Good Grief 230

I wanted to take a photo of this before I returned it to my friend.
It's a beautiful pot (I think it might have been an old honey pot originally) that my friend had offered as a possible urn for mum's ashes. There's a long tedious story to all of this but suffice to say I just wanted to capture it. I loved it's textures, the shape, the light reflected, the eye-like image. And just everything that accompanied it - the kindness of the offer to use it to hold mum's ashes for the service and then for the scattering, the chance to talk through all the mounting tension that was accompanying the build up to mum's service, the exasperation of everything that I had sought out not being good enough for my sister who's levels of anxiety were busily rising through the ceiling. It had become laughable if it hadn't felt so grim at the time. 

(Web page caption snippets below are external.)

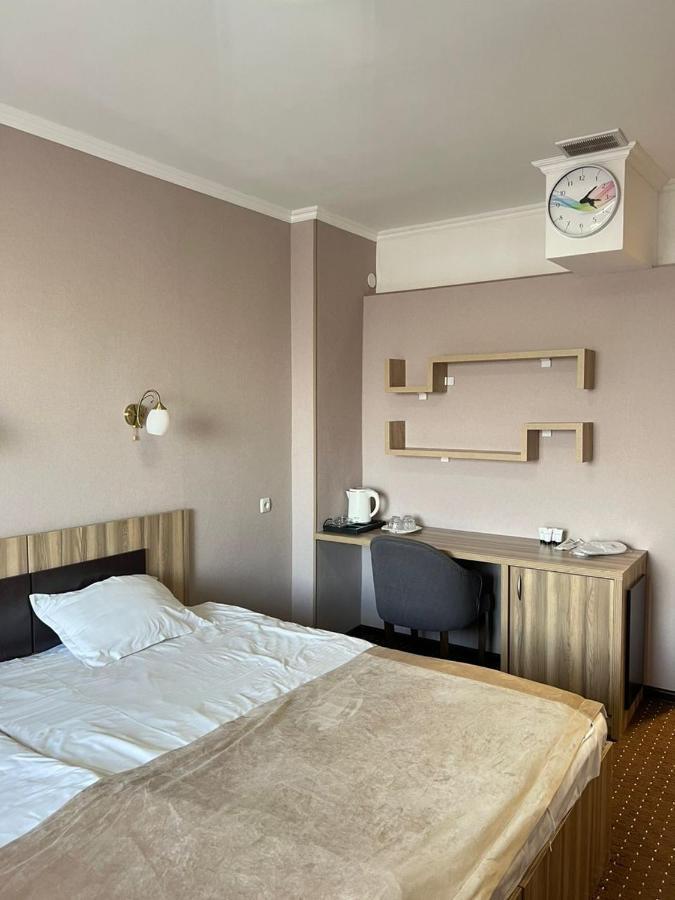 Seven Hotel Bishkek Exteriör bild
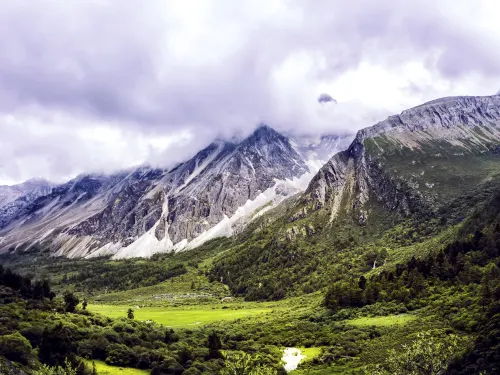 Daocheng Yading: 7 Beautiful Scene and Snowy Plateau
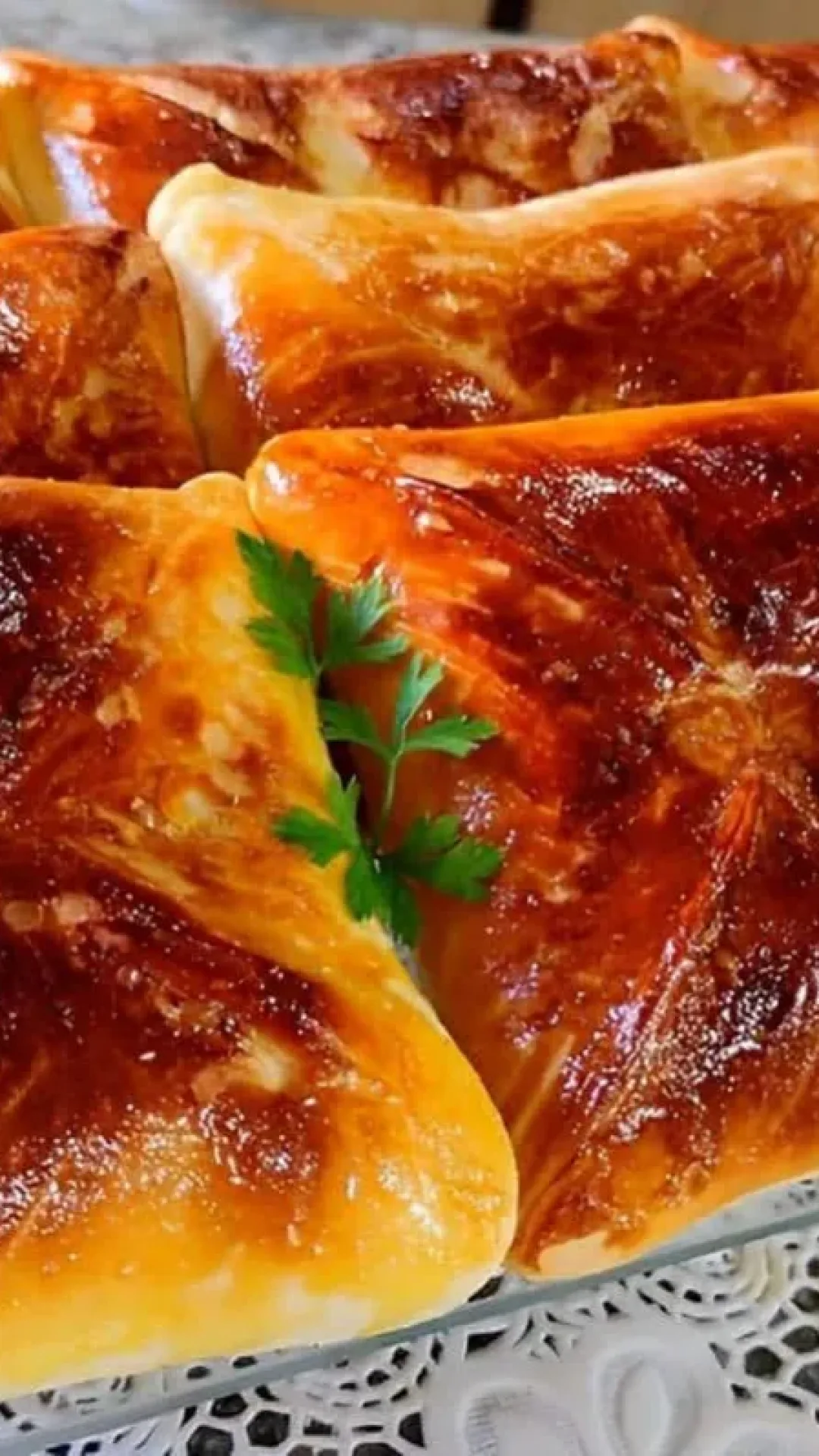 Esfirras de queijo deliciosas e fáceis de fazer para o lanche da tarde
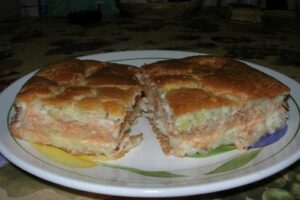 Пиріг з лососевими черевцями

And then, of course, I took photos of it to send to my sister to see if it met with approval. No surprises here. It got the thumbs down. At that point I decided to give up and leave it to her. There was nothing I was going to do that was going to make any difference.
Anyway, all done now.
Just wanted this blip to mark something of the absurdity of it all, the sadness of it all, the insightful eye that sees the uneasy dynamics and unspoken fractures, and just the sheer beauty and quiet equanimity of this object, this container, this carrier, this eye, that watched it all unfold and which kept me company through it all for a few days.